There's an article in the Yale Tech Briefs with a technique that we've used. You should be able to acquire a little scrap of scrim from a local dealer, or maybe Rosebrand or somewhere. You mount the damaged area into an emroidery hoop, cut away any damaged, dangly parts, then cut a patch to fit the hole as perfectly as possible. You have to have the area you're working on lying flat and supported. You set the patch in place, then "weld" it in with little dots of Sobo glue (availble at hobby/fabric stores) around the perimeter. The result is not absolutely perfect, but it's the best method I've found.

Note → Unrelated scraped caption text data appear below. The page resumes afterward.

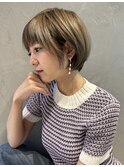 ケアブリーチショートヘア小顔簡単スタイリング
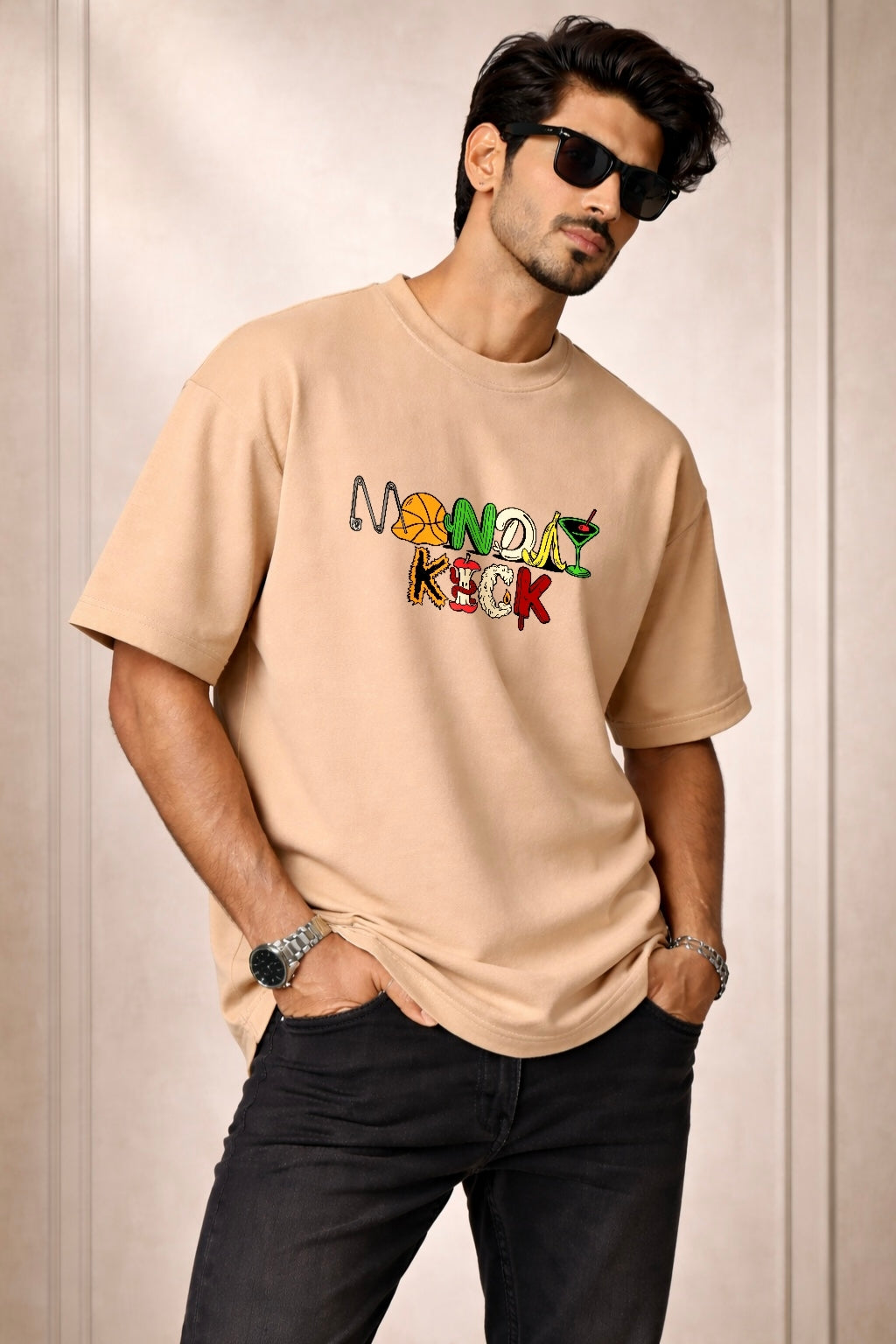 Zwuri Men | Monday Kick - Caramel Kiss Oversized T-Shirt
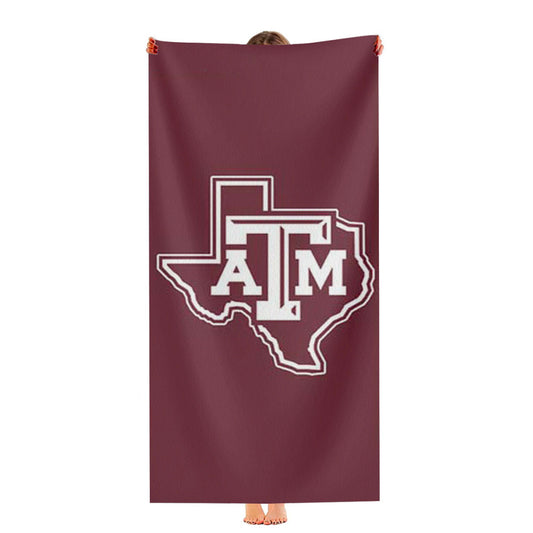 Texas A M Texas Logo Ultra-Soft Luxury Bathroom Towels
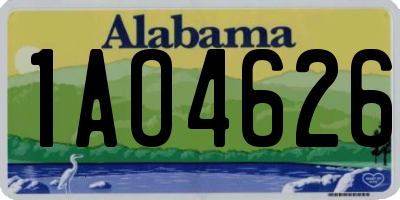AL license plate 1AO4626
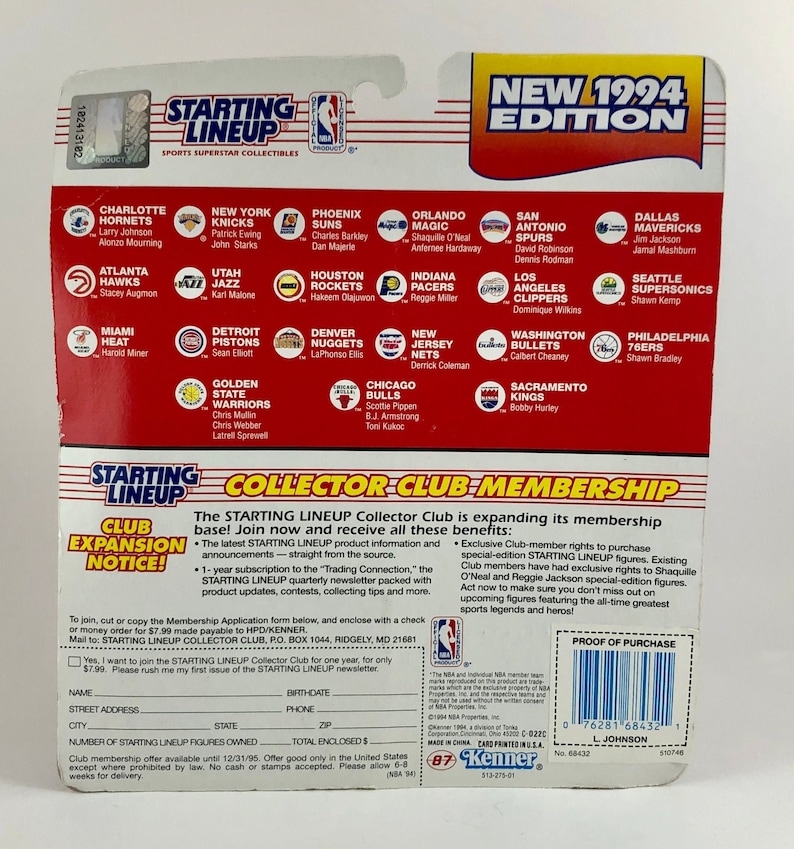 Vintage 1994 Starting Lineup Sports Superstar Collectibles Etsy
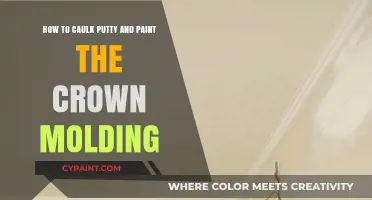 Caulking, Putty, and Painting Crown Molding: A Guide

I tried to re-weave once, but never got it as good as I wanted. I have heard that a real pro can do it.

Nick Kargel
www.youwantwhatproductions.com


----------



## Van (Sep 18, 2009)

WOW ! Great Advice Nick. 

Nola, Just the area that you repair.


----------



## dezreen (Feb 14, 2012)

*Repairing a scrim*

I've been asked to repair a scrim that has two rips. One rip is a 2x2" square on the lower hem (that the lower metal piece slides through). The other rip is about 7" long with a ragged edge, on the far right side of the scrim facing the front of the stage. This originates where the side hem and front piece meet. 

A few questions - 
Should I weave in fabric samples if I can get them from the manufacturer? 
What fibres should I use for weaving and where can I purchase them? 
Should I undo the seam where the rip starts to weave past this?

Many thanks!


----------



## derekleffew (Feb 14, 2012)

*Re: Repairing a scrim*

"on the lower hem (that the lower metal piece slides through)" That would be the pipe pocket for the bottom pipe.
It sounds like both of these tears are not in very visible locations. Use similar colored heavy cotton thread. The goal is not to reweave (as an invisible repair is next to impossible), but to stabilize and prevent further damage. Even the most-experienced tatter? tatterer? will have difficulty making an undetectable repair in sharkstooth. In extreme cases, the entire bottom or side seam may need to be re-hemmed, reducing the size of the drop.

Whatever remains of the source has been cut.